Architecture

Technical Flow & Pruning

Deep dive into CacheLane's core caching strategies, K-pruning logic, and request cycle interception.

Prompt Volatility Classification

Anthropic prompt caching is **prefix-based**. Any change in a prefix invalidates all cache data after that point. CacheLane optimizes for this behavior by decomposing your prompt into atomic blocks, classifying them by volatility, and sorting them:

STABLE Region (Base Cache): Contains slow-changing contexts (System instructions, MCP tool definitions, pinned rules, CLAUDE.md). Bounded by the first cache_control breakpoint.
SEMI Region (Mid-Cache): Holds dialogue history turns. These shift on each turn, but follow a predictable FIFO structure. Bounded by the second cache_control breakpoint.
VOLATILE Region (Paid Full): Ephemeral workspace contexts, latest tool call outputs, and the current user question.

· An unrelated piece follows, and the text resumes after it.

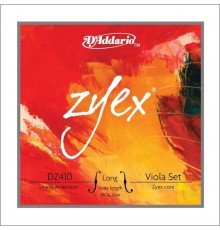 D'Addario DZ410-LM Zyex Комплект струн для альта, большого размера, среднее натяжение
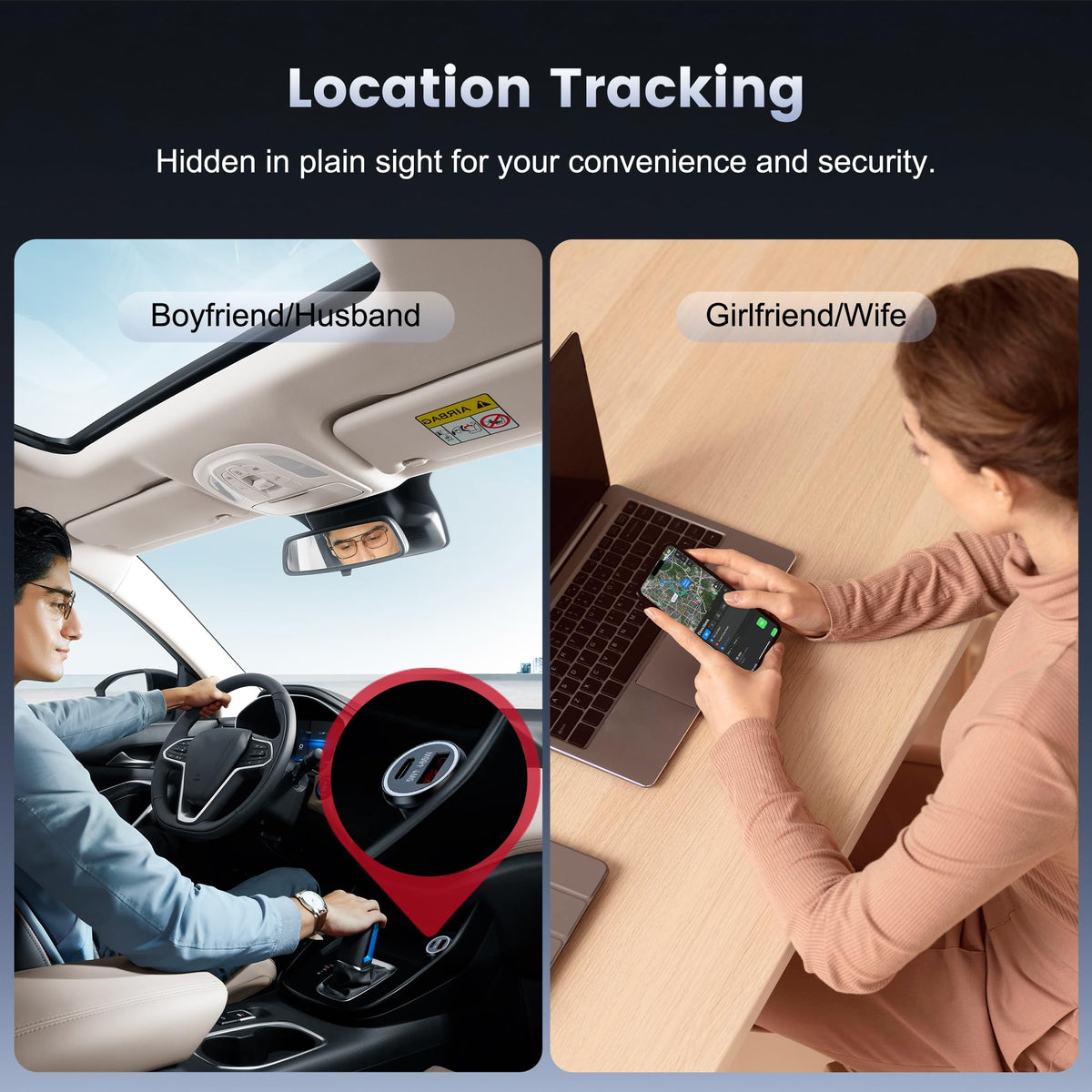 Gudluky Find My integration enabling real-time car location on iOS devices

Interception Hook Pipeline

CacheLane deploys as a middleware proxy that intercepts Claude Code traffic. The request pipeline executes in two primary phases:

PreRequest Interception (Turn Start): Intercepts outgoing requests, queries database stats, groups prompt content blocks, prunes unreferenced blocks, places breakpoints, and forwards the payload to Anthropic.
PostResponse Interception (Turn End): Monitors incoming responses, extracts model references to blocks (e.g. file paths in tool calls or block ID mentions), logs turn token costs, and updates block idle counters.

Trajectory-Aware K-Pruning

In long sessions, tool outputs and file reads bloat the context window. CacheLane's **K-pruner** automatically manages this:

Each turn a block goes unreferenced by the model's response, its unused_turns count increments.
When unused_turns ≥ K (default K=3), the block's text content is discarded and replaced with a compact stub containing its unique identifier, a brief summary, and a refetch command.
If Claude decides it needs the block again, it issues a call to the cachelane:expand MCP tool. CacheLane intercepts this tool call, restores the block from database references, and inserts it back into the suffix.

Keepalive Scheduler

Anthropic prompt caches expire after **5 minutes** of idle time. During long pauses, users face full write cost penalties.

CacheLane spawns a light keepalive scheduler in the background. When the user is idle, it issues minimal synthetic API queries (max_tokens=1 with the identical prefix structure) at 4-minute intervals, resetting the TTL and keeping the cache warm.